Data records =

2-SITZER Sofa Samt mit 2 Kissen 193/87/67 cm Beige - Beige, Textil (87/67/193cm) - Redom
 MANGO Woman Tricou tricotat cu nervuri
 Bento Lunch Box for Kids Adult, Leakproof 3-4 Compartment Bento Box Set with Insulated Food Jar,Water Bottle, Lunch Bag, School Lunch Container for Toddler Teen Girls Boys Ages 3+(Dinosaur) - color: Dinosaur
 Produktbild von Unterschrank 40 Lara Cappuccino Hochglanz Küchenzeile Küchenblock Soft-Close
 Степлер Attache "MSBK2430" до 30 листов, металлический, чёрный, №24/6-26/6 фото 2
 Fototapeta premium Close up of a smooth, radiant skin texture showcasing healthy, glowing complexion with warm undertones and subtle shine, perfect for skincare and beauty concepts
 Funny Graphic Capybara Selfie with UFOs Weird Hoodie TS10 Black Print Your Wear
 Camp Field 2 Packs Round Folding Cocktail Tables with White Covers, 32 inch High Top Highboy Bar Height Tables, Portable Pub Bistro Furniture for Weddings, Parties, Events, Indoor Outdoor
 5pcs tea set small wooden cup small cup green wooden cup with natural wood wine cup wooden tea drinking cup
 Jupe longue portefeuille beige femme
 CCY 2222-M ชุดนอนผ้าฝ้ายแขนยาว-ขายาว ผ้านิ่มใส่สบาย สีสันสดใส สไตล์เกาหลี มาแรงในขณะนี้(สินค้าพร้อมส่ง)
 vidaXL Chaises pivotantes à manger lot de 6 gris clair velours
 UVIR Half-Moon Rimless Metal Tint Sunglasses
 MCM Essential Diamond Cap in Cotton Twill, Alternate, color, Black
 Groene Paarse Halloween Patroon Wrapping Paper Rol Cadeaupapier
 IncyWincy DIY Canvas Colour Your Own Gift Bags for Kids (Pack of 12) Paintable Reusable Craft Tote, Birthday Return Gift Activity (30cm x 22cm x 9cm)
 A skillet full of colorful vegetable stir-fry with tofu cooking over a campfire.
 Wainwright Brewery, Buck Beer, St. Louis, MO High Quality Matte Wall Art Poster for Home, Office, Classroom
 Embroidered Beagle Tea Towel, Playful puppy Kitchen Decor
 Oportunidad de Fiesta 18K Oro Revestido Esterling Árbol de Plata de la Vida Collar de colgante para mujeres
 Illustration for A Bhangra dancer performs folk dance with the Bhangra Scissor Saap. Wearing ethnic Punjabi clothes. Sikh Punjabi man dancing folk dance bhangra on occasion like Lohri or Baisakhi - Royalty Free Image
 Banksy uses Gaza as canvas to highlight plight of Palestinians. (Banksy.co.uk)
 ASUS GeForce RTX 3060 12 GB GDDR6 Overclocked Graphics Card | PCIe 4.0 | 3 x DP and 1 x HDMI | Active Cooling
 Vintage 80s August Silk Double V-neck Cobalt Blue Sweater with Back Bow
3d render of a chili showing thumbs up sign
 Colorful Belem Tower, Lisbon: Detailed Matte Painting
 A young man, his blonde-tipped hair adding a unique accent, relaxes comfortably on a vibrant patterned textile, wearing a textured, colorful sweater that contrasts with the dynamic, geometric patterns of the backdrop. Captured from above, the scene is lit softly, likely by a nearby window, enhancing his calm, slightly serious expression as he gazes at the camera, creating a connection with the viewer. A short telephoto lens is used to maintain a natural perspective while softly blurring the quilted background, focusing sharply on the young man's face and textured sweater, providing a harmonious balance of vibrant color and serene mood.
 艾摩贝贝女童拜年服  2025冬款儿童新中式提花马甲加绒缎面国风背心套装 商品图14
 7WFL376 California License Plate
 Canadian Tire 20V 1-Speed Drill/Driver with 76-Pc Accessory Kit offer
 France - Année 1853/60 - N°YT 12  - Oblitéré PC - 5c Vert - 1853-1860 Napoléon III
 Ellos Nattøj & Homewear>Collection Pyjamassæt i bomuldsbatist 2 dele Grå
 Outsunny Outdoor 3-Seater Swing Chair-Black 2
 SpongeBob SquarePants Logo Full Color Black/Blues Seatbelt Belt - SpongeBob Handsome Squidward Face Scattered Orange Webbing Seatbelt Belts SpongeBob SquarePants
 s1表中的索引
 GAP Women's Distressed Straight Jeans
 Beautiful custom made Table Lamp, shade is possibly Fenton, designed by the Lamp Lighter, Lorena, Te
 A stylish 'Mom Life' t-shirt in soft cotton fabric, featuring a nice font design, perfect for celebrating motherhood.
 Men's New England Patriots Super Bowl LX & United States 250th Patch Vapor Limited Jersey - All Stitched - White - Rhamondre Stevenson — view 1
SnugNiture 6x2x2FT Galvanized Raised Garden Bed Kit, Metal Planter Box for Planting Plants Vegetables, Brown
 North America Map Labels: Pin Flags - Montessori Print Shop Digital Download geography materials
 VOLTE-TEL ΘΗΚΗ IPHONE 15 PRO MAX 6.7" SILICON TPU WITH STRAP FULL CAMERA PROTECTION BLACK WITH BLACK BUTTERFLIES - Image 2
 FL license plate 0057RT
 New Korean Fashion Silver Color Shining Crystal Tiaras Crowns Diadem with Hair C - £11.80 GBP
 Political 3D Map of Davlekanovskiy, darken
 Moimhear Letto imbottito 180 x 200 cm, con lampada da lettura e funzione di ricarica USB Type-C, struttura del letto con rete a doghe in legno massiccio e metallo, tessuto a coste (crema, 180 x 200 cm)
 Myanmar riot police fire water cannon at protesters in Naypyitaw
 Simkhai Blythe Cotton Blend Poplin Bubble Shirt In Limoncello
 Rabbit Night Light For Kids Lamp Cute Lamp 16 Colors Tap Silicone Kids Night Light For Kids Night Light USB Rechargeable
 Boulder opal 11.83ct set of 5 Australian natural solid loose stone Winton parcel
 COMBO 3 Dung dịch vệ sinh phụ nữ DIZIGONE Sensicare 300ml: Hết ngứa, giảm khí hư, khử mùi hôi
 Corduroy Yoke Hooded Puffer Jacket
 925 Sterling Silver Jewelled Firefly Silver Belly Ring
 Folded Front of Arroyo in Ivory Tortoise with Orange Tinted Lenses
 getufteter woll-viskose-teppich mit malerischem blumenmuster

Aim of the exercise =
Give back, word for word, only the lines above from the line holding "A skillet full" to the line holding "3d render of a chili showing thumbs up sign", both included.

Task response =
 A skillet full of colorful vegetable stir-fry with tofu cooking over a campfire.
 Wainwright Brewery, Buck Beer, St. Louis, MO High Quality Matte Wall Art Poster for Home, Office, Classroom
 Embroidered Beagle Tea Towel, Playful puppy Kitchen Decor
 Oportunidad de Fiesta 18K Oro Revestido Esterling Árbol de Plata de la Vida Collar de colgante para mujeres
 Illustration for A Bhangra dancer performs folk dance with the Bhangra Scissor Saap. Wearing ethnic Punjabi clothes. Sikh Punjabi man dancing folk dance bhangra on occasion like Lohri or Baisakhi - Royalty Free Image
 Banksy uses Gaza as canvas to highlight plight of Palestinians. (Banksy.co.uk)
 ASUS GeForce RTX 3060 12 GB GDDR6 Overclocked Graphics Card | PCIe 4.0 | 3 x DP and 1 x HDMI | Active Cooling
 Vintage 80s August Silk Double V-neck Cobalt Blue Sweater with Back Bow
3d render of a chili showing thumbs up sign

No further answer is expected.